Laperriere, a popular assistant, will no longer handle the penalty-killing duties and will no longer be behind the bench. He will handle pre-scouting duties for the next opponent and will also make observations as the Flyers’ “eye in the sky” from the press box.
The Flyers’ penalty kill struggled mightily during most of Laperriere’s six seasons, though it did make major strides last season after Scott Gordon was named the interim coach Dec. 17. The PK was seventh in the NHL in Laperriere’s first season, but was mediocre — or awful — in subsequent years.
Mike Yeo, the former head coach with Minnesota and St. Louis who was named a Flyers assistant Monday, will be in charge of the defense and the penalty kill, Vigneault announced in a conference call with reporters from Vienna, where he directed Team Canada to a 7-5 pre-tournament win Tuesday over Austria, a tuneup to the IIHF World Championships.
Vigneault also revealed that Michel Therrien, a former head coach with Montreal and Pittsburgh, will handle the power play and help the head coach in instructing the forwards. Therrien, named an assistant Monday, replaced Kris Knoblauch, whose contract was not renewed.
Under Knoblauch, the Flyers’ power play, despite an abundance of talent, finished tied for 22nd in the NHL with a 17.1 percent success rate last season.
Vigneault said he and general manager Chuck Fletcher jointly hired the assistants. He does not feel threatened having two former head coaches on his staff.

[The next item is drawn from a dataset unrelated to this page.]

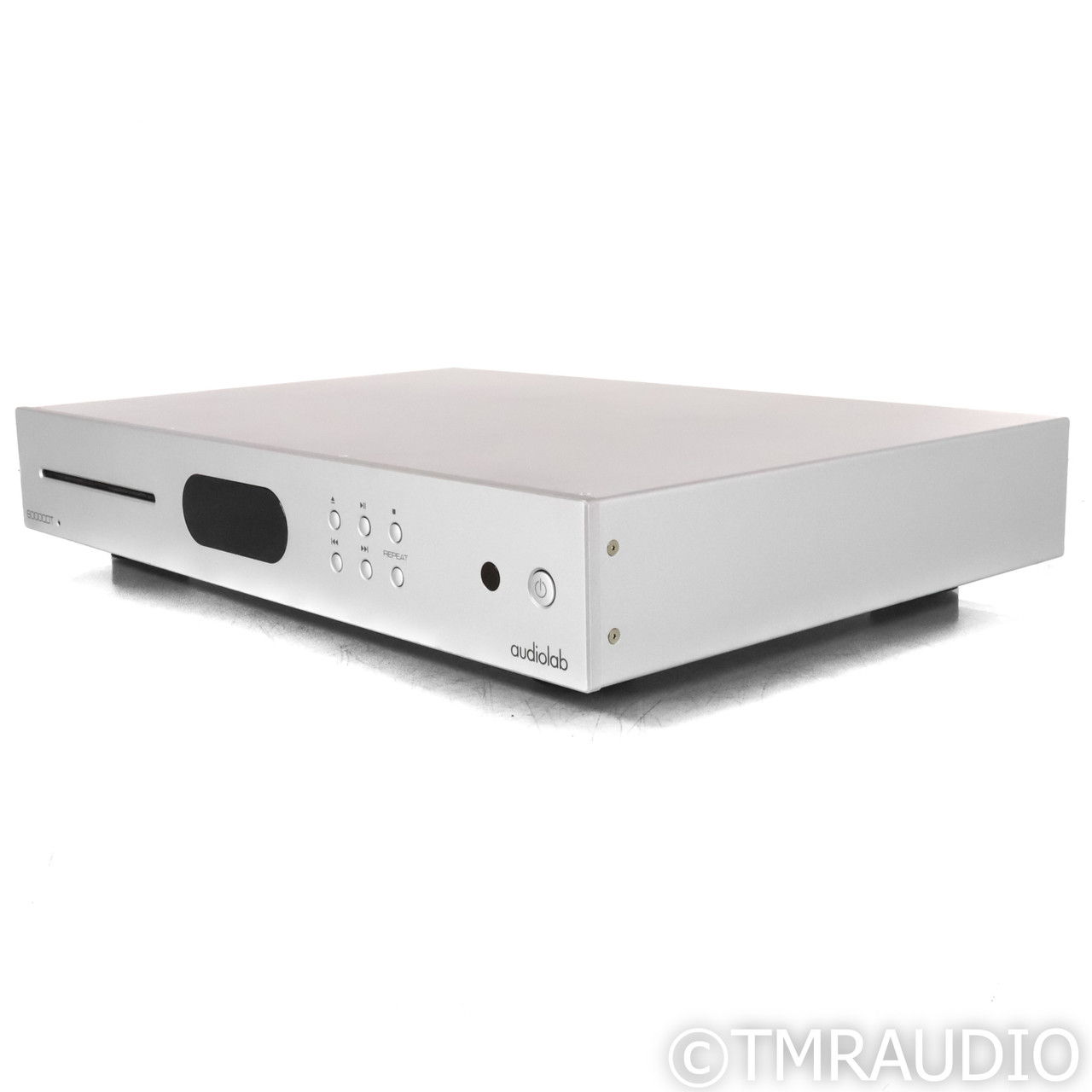 Audiolab 6000CDT CD Transport (0/1) (66812) 3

“I’ve always thought that the best way for me to do my job is to have the best possible people surrounding me and helping me and the organization,” he said. “I’ve known Michel for a long time, and I know the type of hockey person he is, and I know the type of person he is and what he can bring.”

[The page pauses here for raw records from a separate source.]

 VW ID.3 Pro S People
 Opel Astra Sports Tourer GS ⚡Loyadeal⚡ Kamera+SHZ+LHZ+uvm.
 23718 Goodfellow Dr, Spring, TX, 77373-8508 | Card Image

Vigneault said he knew Yeo from coaching against him “and Chuck Fletcher had a real good relationship with him, so I felt real strongly about what he can bring to our coaching group. I talked it over about both of them with Chuck.”
Fletcher, the former Minnesota GM, once hired Yeo as the Wild’s head coach.
The Flyers’ penalty-kill struggles under Laperriere did not factor in his change in duties, Vigneault said.
“Not at all. This is about me bringing in people who bring different characteristics, different qualities to the Flyers,” Vigneault said. “I’ve got a lot of faith in Ian Laperriere. I had a good talk with him, and I know what he can bring to the Flyers. He’s a true Flyer. He wants to be here. He wants to help the team in any way he can, and after thinking it through and talking with Chuck, I felt we needed an eye in the sky who was relating what he was seeing to one of the coaches [Therrien]. And I needed somebody who could help us out with our advance scouting, and that’s going to be Ian.”
Added Vigneault: “I’ve always been a believer that the coach that is running the defense should be running the penalty kill, also. And the coach who is doing the power play is always a little bit closer with the forwards.”
Vigneault said one of the assistants’ jobs will entail being a sounding board for the players.
“Part of being an assistant, obviously, is being closer with the players,” he said. “You have to have an open mind about hearing their concerns sometimes, and they bring certain situations to me — and my job as the head coach is to handle the different situations.”
Vigneault said there will be some adjustments in the way the power play and penalty kill will be run. ... Team Canada starts Friday against Finland in Slovakia, and Pittsburgh’s Matt Murray will be the starting goalie. The team could play as many as 10 games in 17 days, so Vigneault said he will “definitely use two goaltenders” and that the Flyers’ Carter Hart will probably get some time. ... Sean Couturier, who had a goal in Canada’s pre-tournament win over Austria, is the other Flyer on the team.